For a summary of the rule and its compatibility with Privitar jobs and execution environments, see Masking Rule Types.
Data Types
The supported data types for this rule are:
Text
Description
The original value is completely replaced by a generated SHA256 salted hash with a pepper secret. By default, the hash will be a base 64 string. However, you can create a custom hash output by specifying a regular expression with the rule.
The rule does not utilize a Token Vault, so there is no support for Unmasking of any output value. As the input value is hashed, there is no way to return to the input value; the rule output is irreversible.
Consistency in tokenization is achieved by the hashing function. Effectively, the function will always return the same output value for the same input value within a given PDD for a specific rule.
Note
This rule can only be used in a Job that has a KMS configured in the Privitar Environment.

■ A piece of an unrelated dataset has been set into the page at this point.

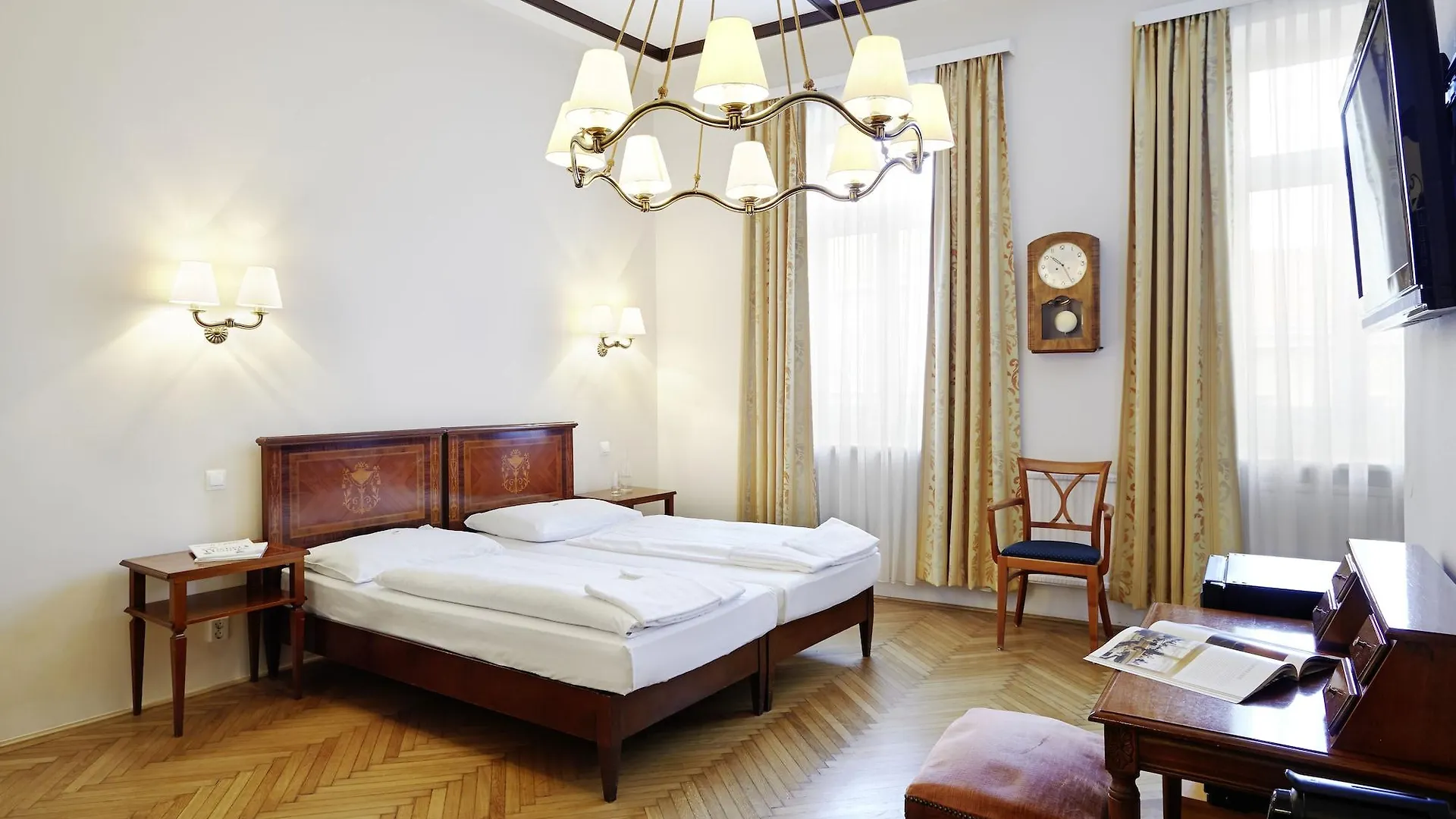 Boutiquehotel Donauwalzer Vienna 3*,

The only KMS that is currently supported is the AWS Secrets Manager. For more information, see Key Management Environment Configuration.
Masking Behavior
The options are described in the following table and assume that the original value is not null:
Option | Description |
---|---|
default | If you do not specify a regular expression, the default output is a (hashed) base 64 string. |
Regular expression | The pattern that the generated text should match. Using a regular expression with the rule ensures that it is possible to add a Watermark to the dataset. Watermarking is not available if the default hashing function is used. For more information, see Watermarking a Dataset. For more information about the regular expression syntax supported in Privitar, see Regular Expression Syntax. (Click on the RegExp class in the Class Summary table.) |
Examples
The following diagram illustrates the output behavior of the rule. The first two examples show how the same input value produces the same output value. The final example shows how the output value can be changed using a regular expression:

Here are some other examples of regular expressions that could be used to match some example fields and formats:
Field | Format | Expression |
---|---|---|
Email address | xxxxxxx@xxxxx.com | [a-z]{7}\@[a-z]{5}\.com |
Surname | xxxxxxxx | [a-z]{8} |
Tokenization Behavior
Tokenization Behavior contains various settings that determine how tokenization is performed when the rule is applied to a dataset.

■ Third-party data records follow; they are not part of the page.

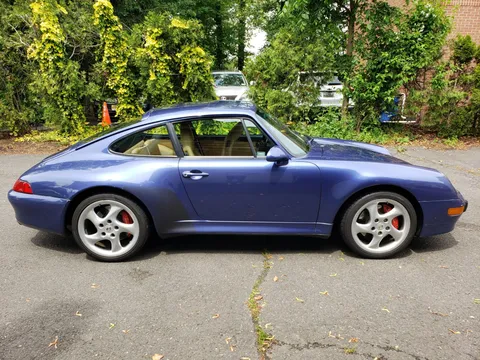 1997 Porsche 993 Carrera 4S - Image 3 of 31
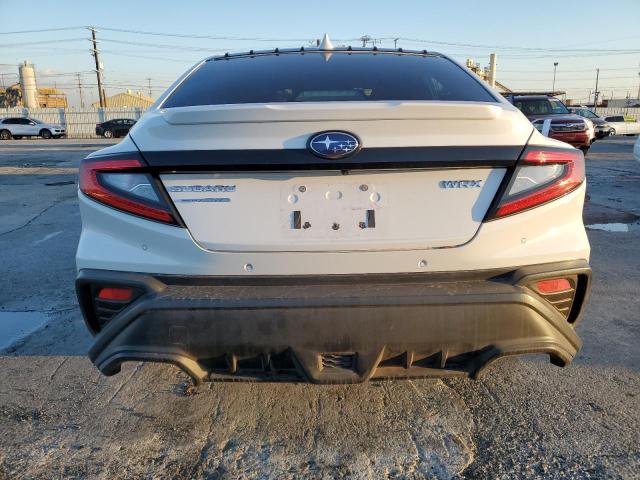 Photo 6 from auction – 2022 SUBARU WRX LIMITE with VIN JF1VBAN68N8027769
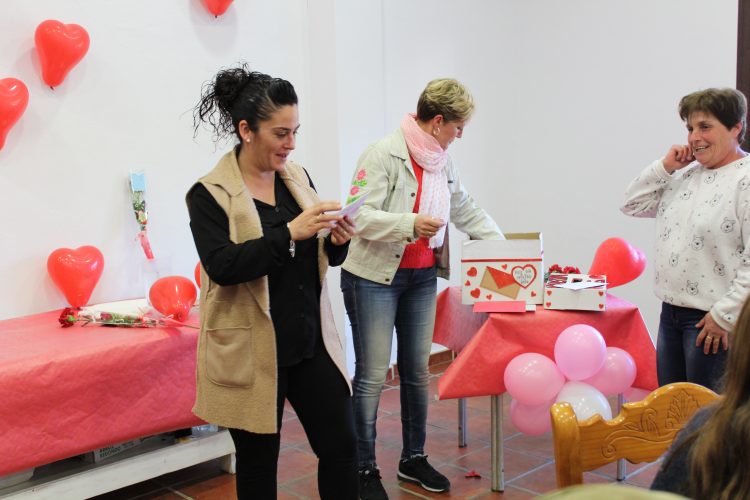 Parauta celebra San Valentín con gran ambiente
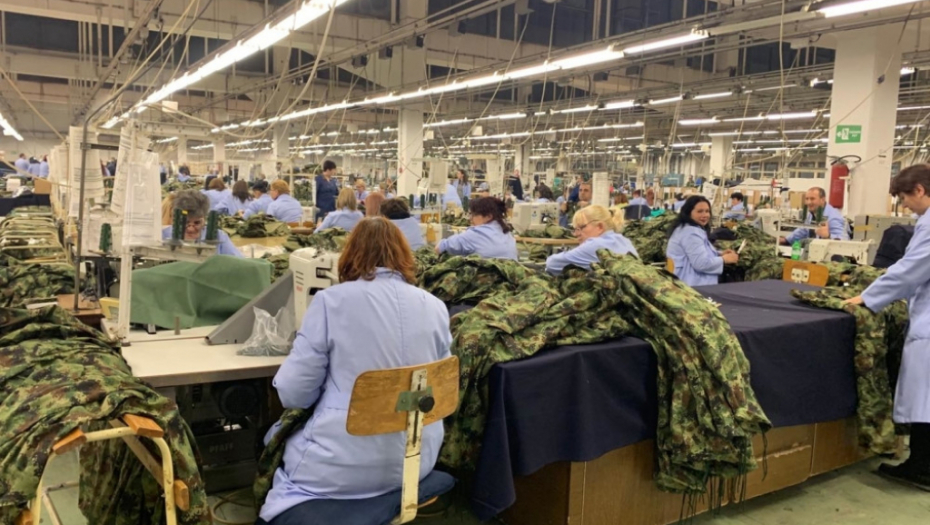 Fabrika Jumko u Vranju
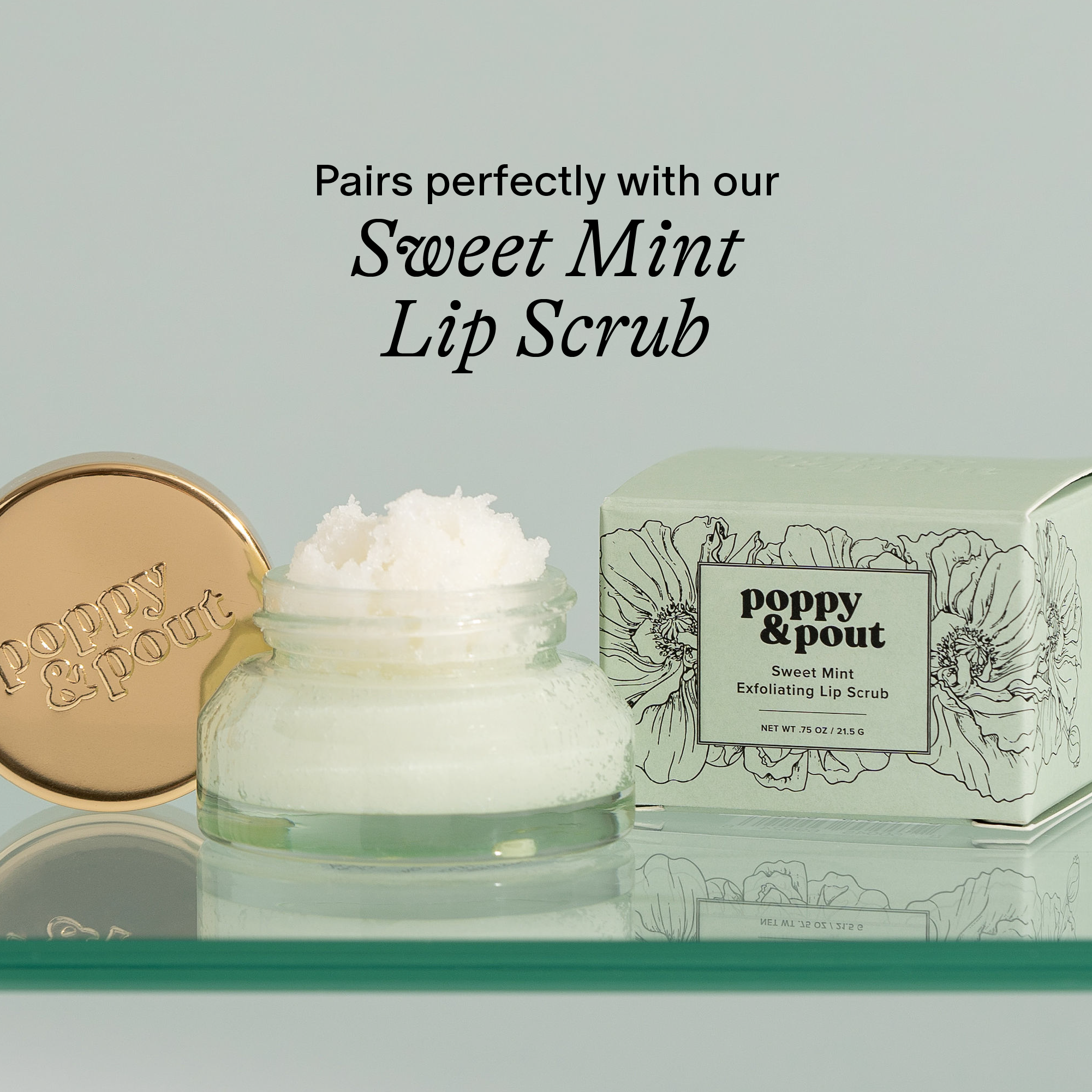 Sweet Mint - Lip Balm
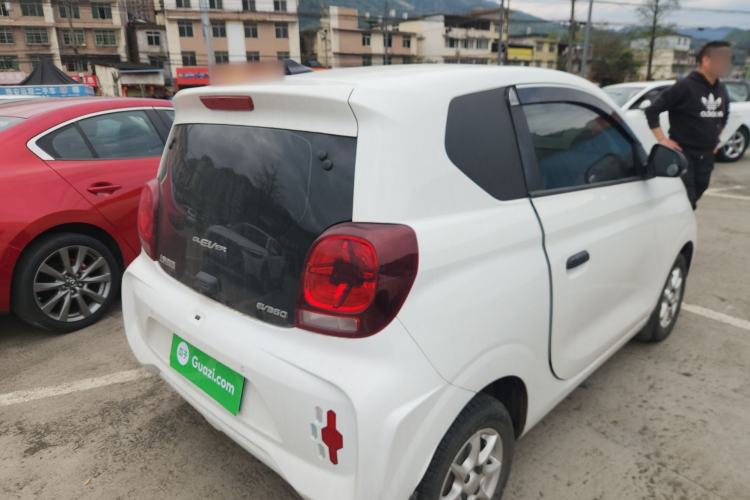 Used Roewe Clever 2022 311km QiQi BoBo Edition Rear Right 45 Deg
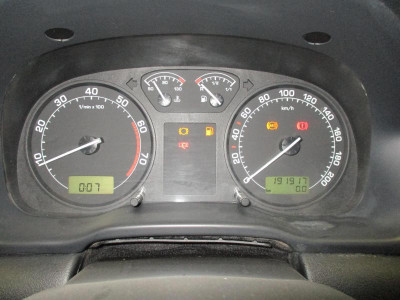 ŠKODA Octavia 1.6 MT (102 л. с.)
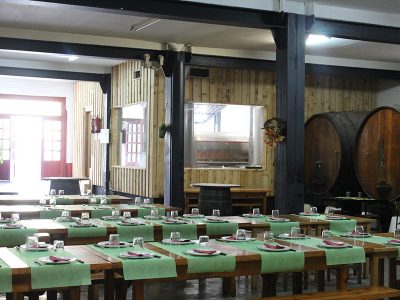 Sagardoaren Lurraldeako TXIMISTA Ordiziako sagardotegia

For the Hash text rule, the Behavior setting is fixed as:
Consistency enforced by hashing function but duplicate tokens are possible
This means that the hashing function ensures that the same input value will always return the same output value. But, there is the unlikely possibility of duplicate tokens being generated. (The collision resistance of the SHA256 hashing algorithm is discussed in many external publications.)
However, collisions are much more likely if a regular expression is specified with the rule. For example, if the regular expression defines an output that is smaller than the default hash output.
If Retain NULL values is checked, NULL values in the input will not be replaced or tokenized and will be retained as NULL in the output.